The purpose of this notebook is to use the Mountain Project API to collect route data for later analysis. Route IDs are input in batches, and a number of useful features are provided by the API.

### Mount Google Drive for file access and storage

In [0]:
from google.colab import drive
drive.mount('/content/gdrive')

Go to this URL in a browser: https://accounts.google.com/o/oauth2/auth?client_id=947318989803-6bn6qk8qdgf4n4g3pfee6491hc0brc4i.apps.googleusercontent.com&redirect_uri=urn%3Aietf%3Awg%3Aoauth%3A2.0%3Aoob&scope=email%20https%3A%2F%2Fwww.googleapis.com%2Fauth%2Fdocs.test%20https%3A%2F%2Fwww.googleapis.com%2Fauth%2Fdrive%20https%3A%2F%2Fwww.googleapis.com%2Fauth%2Fdrive.photos.readonly%20https%3A%2F%2Fwww.googleapis.com%2Fauth%2Fpeopleapi.readonly&response_type=code

Enter your authorization code:
··········
Mounted at /content/gdrive


### Define functions for data collection

In [0]:
# credit to github.com/sailskisurf23 for the functions in this cell and a list of route ids

# This script is used to compile a database of useful route features by querying the Mountain Project API.
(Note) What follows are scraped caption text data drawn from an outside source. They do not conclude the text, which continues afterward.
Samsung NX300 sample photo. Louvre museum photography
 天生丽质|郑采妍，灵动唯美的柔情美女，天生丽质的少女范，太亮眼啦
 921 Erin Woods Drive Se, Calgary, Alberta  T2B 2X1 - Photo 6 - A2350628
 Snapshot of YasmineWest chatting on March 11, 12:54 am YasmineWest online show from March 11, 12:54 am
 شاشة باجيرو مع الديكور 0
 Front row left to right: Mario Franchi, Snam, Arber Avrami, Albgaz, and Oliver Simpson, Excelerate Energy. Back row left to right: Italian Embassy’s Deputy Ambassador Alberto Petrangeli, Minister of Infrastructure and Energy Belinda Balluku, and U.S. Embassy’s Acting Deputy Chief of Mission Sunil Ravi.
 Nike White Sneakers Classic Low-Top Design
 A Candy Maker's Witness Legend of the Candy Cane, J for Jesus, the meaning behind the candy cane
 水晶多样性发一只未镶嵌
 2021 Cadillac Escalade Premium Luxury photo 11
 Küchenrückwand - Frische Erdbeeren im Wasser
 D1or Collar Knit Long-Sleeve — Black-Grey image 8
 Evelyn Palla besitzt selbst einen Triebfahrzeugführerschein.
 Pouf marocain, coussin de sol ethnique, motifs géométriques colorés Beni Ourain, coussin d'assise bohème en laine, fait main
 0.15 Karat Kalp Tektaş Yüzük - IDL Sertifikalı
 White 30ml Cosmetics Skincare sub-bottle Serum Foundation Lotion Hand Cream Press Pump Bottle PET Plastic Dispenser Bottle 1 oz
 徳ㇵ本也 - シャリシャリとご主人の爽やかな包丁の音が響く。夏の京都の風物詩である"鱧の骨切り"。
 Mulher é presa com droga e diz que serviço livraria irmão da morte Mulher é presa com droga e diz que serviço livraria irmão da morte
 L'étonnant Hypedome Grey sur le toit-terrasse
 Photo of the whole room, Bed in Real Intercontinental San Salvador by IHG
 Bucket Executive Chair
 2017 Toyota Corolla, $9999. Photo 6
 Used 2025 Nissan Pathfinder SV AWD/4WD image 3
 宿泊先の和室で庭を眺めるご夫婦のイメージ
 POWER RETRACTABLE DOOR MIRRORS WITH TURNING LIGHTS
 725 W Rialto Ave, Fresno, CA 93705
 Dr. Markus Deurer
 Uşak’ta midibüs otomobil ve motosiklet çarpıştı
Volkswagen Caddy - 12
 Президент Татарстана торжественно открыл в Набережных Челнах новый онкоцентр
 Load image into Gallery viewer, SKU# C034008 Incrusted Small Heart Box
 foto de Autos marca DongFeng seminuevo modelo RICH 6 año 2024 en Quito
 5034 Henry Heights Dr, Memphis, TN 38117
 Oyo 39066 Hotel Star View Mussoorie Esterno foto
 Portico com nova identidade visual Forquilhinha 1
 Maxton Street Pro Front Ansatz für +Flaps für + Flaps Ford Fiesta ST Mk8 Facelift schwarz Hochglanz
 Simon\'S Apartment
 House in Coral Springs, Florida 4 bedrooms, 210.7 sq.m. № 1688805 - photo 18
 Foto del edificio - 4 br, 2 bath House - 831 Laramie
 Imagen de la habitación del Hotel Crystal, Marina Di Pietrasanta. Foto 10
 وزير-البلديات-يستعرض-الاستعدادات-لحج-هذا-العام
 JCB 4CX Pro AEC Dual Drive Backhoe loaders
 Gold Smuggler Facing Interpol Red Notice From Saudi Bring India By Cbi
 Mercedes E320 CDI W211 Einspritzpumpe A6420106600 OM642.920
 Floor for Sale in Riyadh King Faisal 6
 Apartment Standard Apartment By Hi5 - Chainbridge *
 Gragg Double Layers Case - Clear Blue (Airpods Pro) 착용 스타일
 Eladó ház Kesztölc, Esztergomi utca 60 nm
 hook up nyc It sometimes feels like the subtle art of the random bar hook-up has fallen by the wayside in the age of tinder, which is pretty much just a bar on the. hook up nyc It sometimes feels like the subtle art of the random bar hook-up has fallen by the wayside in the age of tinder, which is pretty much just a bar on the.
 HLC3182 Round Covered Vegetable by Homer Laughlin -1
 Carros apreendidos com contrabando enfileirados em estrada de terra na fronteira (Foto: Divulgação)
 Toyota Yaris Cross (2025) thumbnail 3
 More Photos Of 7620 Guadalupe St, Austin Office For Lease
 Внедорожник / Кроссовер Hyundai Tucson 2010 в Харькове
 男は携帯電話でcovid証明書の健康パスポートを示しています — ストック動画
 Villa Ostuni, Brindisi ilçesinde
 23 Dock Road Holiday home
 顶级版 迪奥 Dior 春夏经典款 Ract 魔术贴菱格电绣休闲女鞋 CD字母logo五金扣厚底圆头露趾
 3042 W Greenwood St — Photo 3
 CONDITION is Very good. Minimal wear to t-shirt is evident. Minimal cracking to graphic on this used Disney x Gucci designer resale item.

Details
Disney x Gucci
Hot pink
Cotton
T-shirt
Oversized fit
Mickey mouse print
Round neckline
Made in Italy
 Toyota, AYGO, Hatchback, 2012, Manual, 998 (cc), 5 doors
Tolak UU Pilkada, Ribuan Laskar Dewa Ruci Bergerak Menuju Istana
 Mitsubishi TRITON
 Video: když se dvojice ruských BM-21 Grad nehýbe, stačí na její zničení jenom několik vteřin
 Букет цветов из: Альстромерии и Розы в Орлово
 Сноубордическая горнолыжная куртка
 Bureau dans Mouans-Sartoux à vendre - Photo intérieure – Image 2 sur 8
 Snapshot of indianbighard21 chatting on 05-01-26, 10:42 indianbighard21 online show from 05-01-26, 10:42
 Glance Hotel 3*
import requests, random, time, sys, json
from pymongo import MongoClient

# Input file with route ids:
loc_r = '/content/gdrive/My Drive/Python/Mtn_proj_model/data/route_ids.csv'

# Establish output destinations:
client = MongoClient('localhost:27017')
db = client.routesAPI_db

def get_API_routes(route_IDs):
    """
    Returns list of roudids that a given userid has ticked
    Parameters:
    route_IDs: list of str
    Returns:
    routes: list of json str
    """
    time.sleep(2+.5*random.random())
    # build URL
    base_url = 'https://www.mountainproject.com/'
    query_str = 'data/get-routes?'
    route_str = ','.join(route_IDs)
    credfile = '/content/gdrive/My Drive/Python/Mtn_proj_model/mtn_proj_cred_file.txt'
    with open(credfile) as f:
        key = f.read().strip()
    url = base_url + query_str + 'routeIds=' + route_str + '&key=' + key
    # parse json and return 'ticks'
    print('GET routes: {}'.format(route_str))
    r = requests.get(url)
    parsed_json = json.loads(r.content)
    routes = parsed_json['routes']
    return routes

def write_routes_db(routes):
    """
    Writes list of users to database
    Parameters:
    routes: list of json str
    """
    print('writing to db, routes: ', end='')
    for route in routes:
        print('{},'.format(route['id']), end='')
        db.routesAPI_db.insert_one(route)
    print('')
    pass

def chunks(list, n=50):
    """
    Generator function: break list into chunks of len(n)
    """
    for i in range(0, len(list), n):
        yield list[i:i+n]


def get_routes_data():
    # grab routes in chunks
    with open(loc_r) as f:
        routes = [line.strip() for line in f]
    batch_size = 100
    routes_chunks = chunks(routes,batch_size)
    for i,chunk in enumerate(routes_chunks):
        try:
            print('starting chunk {} of {}'.format(i+1,int(len(routes)/batch_size)))
            routes_data = get_API_routes(chunk)
            write_routes_db(routes_data)
        except:
            print('error while retreiving routes: {}'.format(chunk))
            time.sleep(10)

### Collect route data using API and save to csv file

In [0]:
# getRoutes data and store in mongodb
get_routes_data()

# open data in dataframe
routesdb = db.routesAPI_db
df = pd.DataFrame(list(routesdb.find()))

# save data to csv
df.to_csv('/content/gdrive/My Drive/Python/Mtn_proj_model/data/getRoutesData.csv', index=False)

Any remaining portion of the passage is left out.